> What to work on
Your job with the data below: print everything from the line that holds "VEVOR illuminated globe" down to the line that holds "Women’s Button Front", ends included, exactly, and nothing else.

> Provided entries
- Opening Delimiter -

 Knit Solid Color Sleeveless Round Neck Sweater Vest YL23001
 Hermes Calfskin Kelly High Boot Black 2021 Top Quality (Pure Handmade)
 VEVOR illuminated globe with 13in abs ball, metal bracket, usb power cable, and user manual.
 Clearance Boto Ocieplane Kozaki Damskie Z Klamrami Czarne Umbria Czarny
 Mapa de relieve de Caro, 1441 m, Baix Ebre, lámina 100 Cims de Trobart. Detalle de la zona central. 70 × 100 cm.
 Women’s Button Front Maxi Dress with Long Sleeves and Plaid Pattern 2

- Closing Delimiter -
- Opening Delimiter -

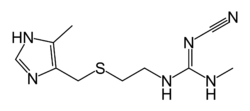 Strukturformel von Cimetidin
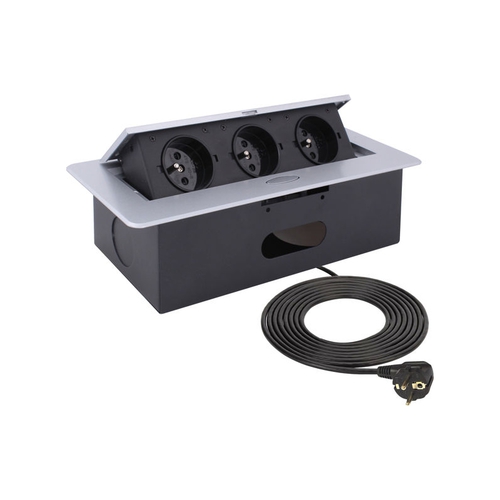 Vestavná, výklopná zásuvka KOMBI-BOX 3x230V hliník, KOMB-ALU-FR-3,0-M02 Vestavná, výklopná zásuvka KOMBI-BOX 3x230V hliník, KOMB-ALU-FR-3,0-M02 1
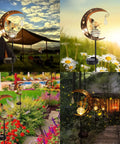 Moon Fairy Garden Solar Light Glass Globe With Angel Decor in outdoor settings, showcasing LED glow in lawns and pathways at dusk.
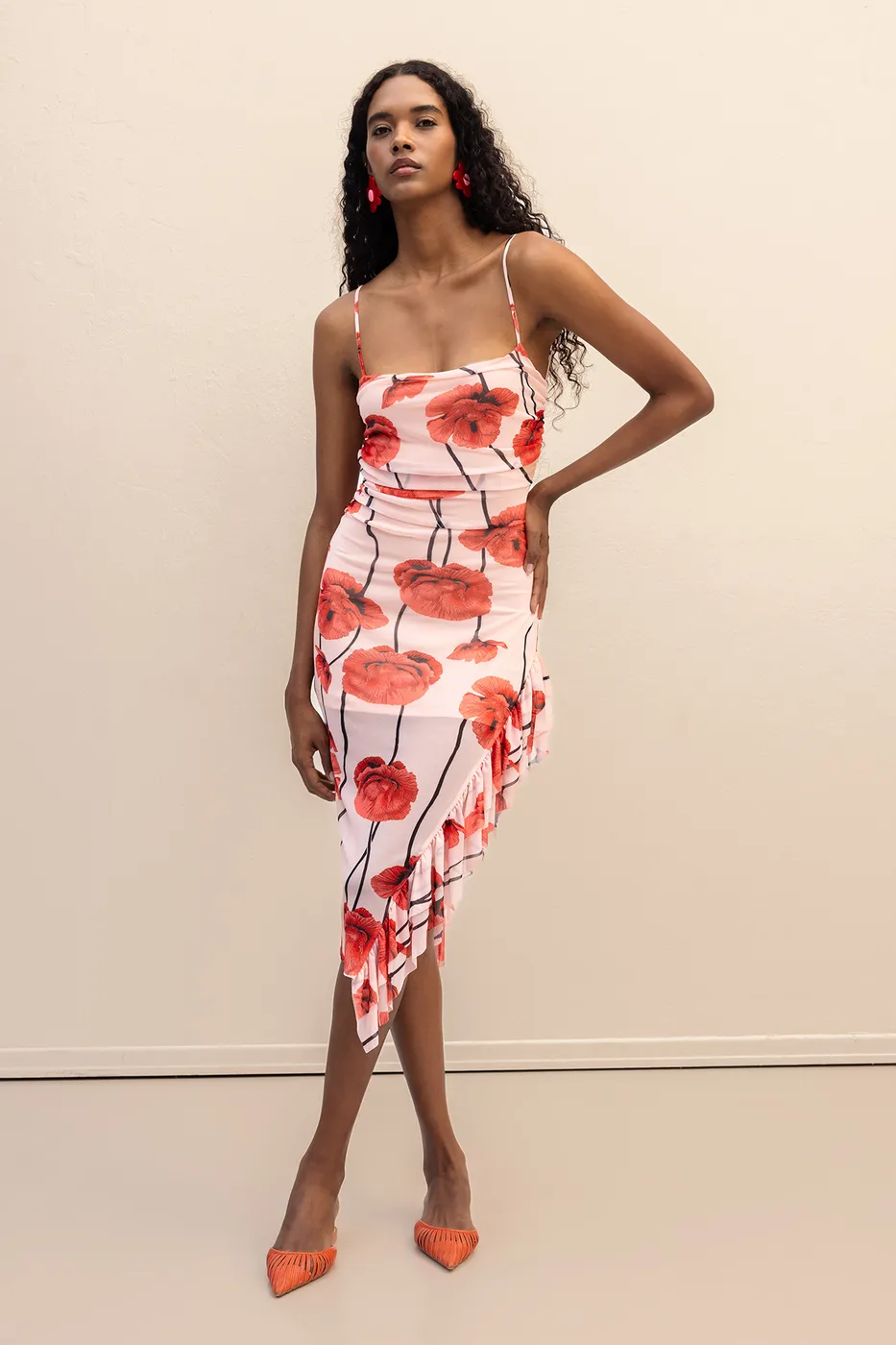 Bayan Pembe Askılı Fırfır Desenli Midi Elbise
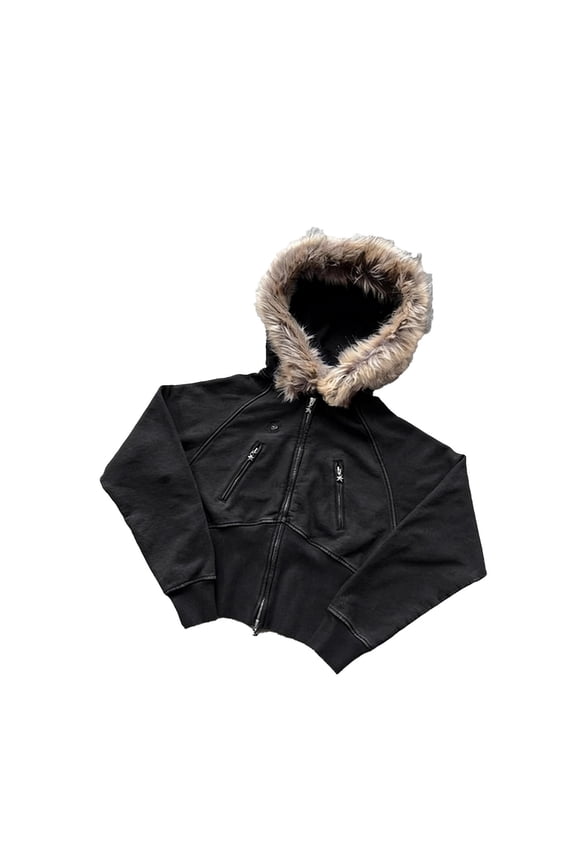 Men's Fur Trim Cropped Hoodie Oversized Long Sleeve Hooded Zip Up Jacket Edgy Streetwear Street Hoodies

- Closing Delimiter -
- Opening Delimiter -

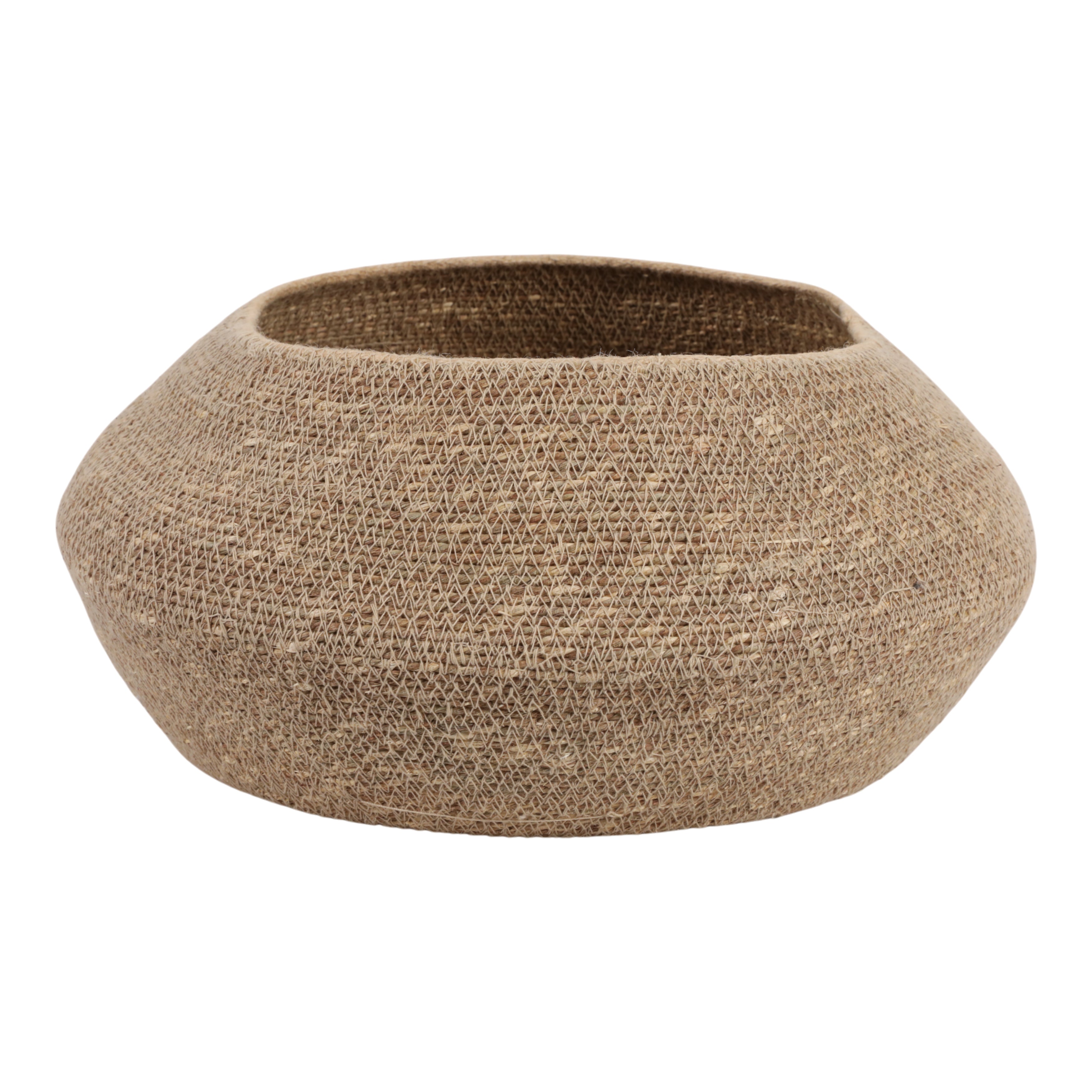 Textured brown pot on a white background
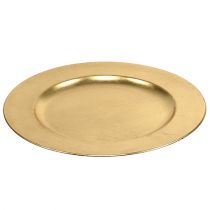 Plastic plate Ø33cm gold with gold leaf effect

- Closing Delimiter -

> The completed task
 VEVOR illuminated globe with 13in abs ball, metal bracket, usb power cable, and user manual.
 Clearance Boto Ocieplane Kozaki Damskie Z Klamrami Czarne Umbria Czarny
 Mapa de relieve de Caro, 1441 m, Baix Ebre, lámina 100 Cims de Trobart. Detalle de la zona central. 70 × 100 cm.
 Women’s Button Front Maxi Dress with Long Sleeves and Plaid Pattern 2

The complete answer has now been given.